Würde man zugunsten des Klägers wiederum die Zahlen des Jahres 2004 außer Betracht lassen, so ergäben sich durchschnittlich 48,6 Unfälle für die Zeit vom 01. Januar 2000 bis zum 31. Dezember 2005 pro Jahr und demgegenüber durchschnittlich 36,5 pro Jahr für den Zeitraum vom 01. Januar 2005 bis zum 31. Dezember 2006. Dies entspricht einem Rückgang von 25%. Die insgesamt gänzlich andere Bewertung des Klägers beruht darauf, dass er einen Vergleich zwischen den Unfallzahlen des Jahres 2003 mit den Zahlen der Jahre 2005 und 2006 anstellt, mithin allein mit der für ihn günstigsten Unfallzahl des Jahres 2003 operiert. Diese Aufbereitung des von dem Beklagten vorgelegten Zahlenmaterials hält die Kammer für unrichtig.
Welche anderen Umstände als das hier streitige Überholverbot für den Rückgang der Unfallzahlen verantwortlich sein könnten, ist nicht ersichtlich, zumal die Anzahl der Verkehrsunfälle auf dem Verkehrsabschnitt zwischen den Anschlussstellen Wildeshausen-West und Ahlhorner Heide in Fahrtrichtung Osnabrück bis zum Beginn des Überholverbotes in/aus Fahrtrichtung Osnabrück, relativ konstant geblieben sind. Lediglich das Jahr 2006 hatte einen erheblichen Unfallrückgang zu verzeichnen ( s. Statistik auf S. 8 des Schriftsatzes des Beklagten vom 10. Mai 2007). Der Kläger hat in der mündlichen Verhandlung darauf hingewiesen, dass die von dem Beklagten vorgelegten Statistiken lediglich den allgemeinen Trend allgemein sinkender Unfallzahlen widerspiegelten und sich die Kausalität der streitigen Verkehrsanordnung für den Unfallrückgang aus den Statistiken nicht belegen lasse. Dem folgt die Kammer nicht. Denn neben den vorgenannten Ausführungen ist weder dem Kläger noch dem Gericht bekannt, ob und in welchem Umfang verkehrsregelnde Anordnungen zu dem vom Kläger behaupteten Rückgang von Verkehrsunfällen geführt haben.
Das streitige Überholverbot ist auch ein zur Erreichung des gewünschten Zwecks angemessenes Mittel. Soweit der Kläger demgegenüber vorträgt, dass die Polizei zur Vermeidung von Unfällen gegen Schnellfahrer, die zu geringen Abstand hielten, vorgehen müsse und auch eine Geschwindigkeitsbeschränkung ebenso effektiv wie das angeordnete Überholverbot gewesen sei, jedoch ein milderes Mittel zur Beseitigung der Gefahr dargestellt hätte, teilt die Kammer diese Rechtsauffassung nicht.
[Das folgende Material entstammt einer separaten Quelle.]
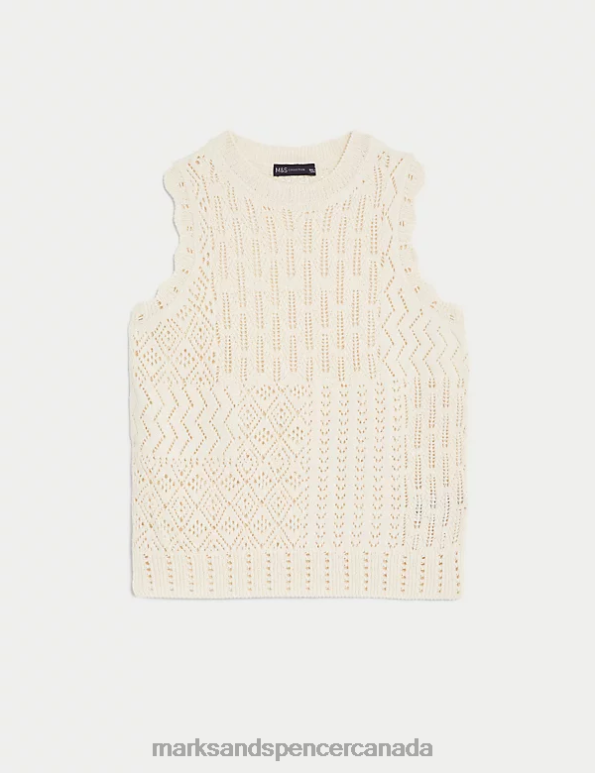 Women Ivory Clothing Marks & Spencer Cotton Rich Textured Knitted Vest 20VTD236 - Marks and Spencer Canada locations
Eine für alle Kraftfahrer geltende Geschwindigkeitsbeschränkung stellte schon deshalb kein milderes Mittel dar, weil von dieser Verkehrsbeschränkung wesentlich mehr Kraftfahrer betroffen wären als durch das angeordnete Überholverbot. Allein für den Schwerlastverkehr würde sich dies als milderes Mittel darstellen, weil für diesen ohnehin nach § 18 Abs. 5 Ziffer 1 StVO eine Geschwindigkeitsbeschränkung von 80 km/h gilt. Den angesprochenen deutlich vermehrten Verkehrskontrollen stehen nach glaubhaften Angaben der Beklagten die personelle Ausstattung der Autobahnpolizei entgegen. Zudem würden sie das Problem der Staubildung durch ausscherende LKW nicht beseitigen.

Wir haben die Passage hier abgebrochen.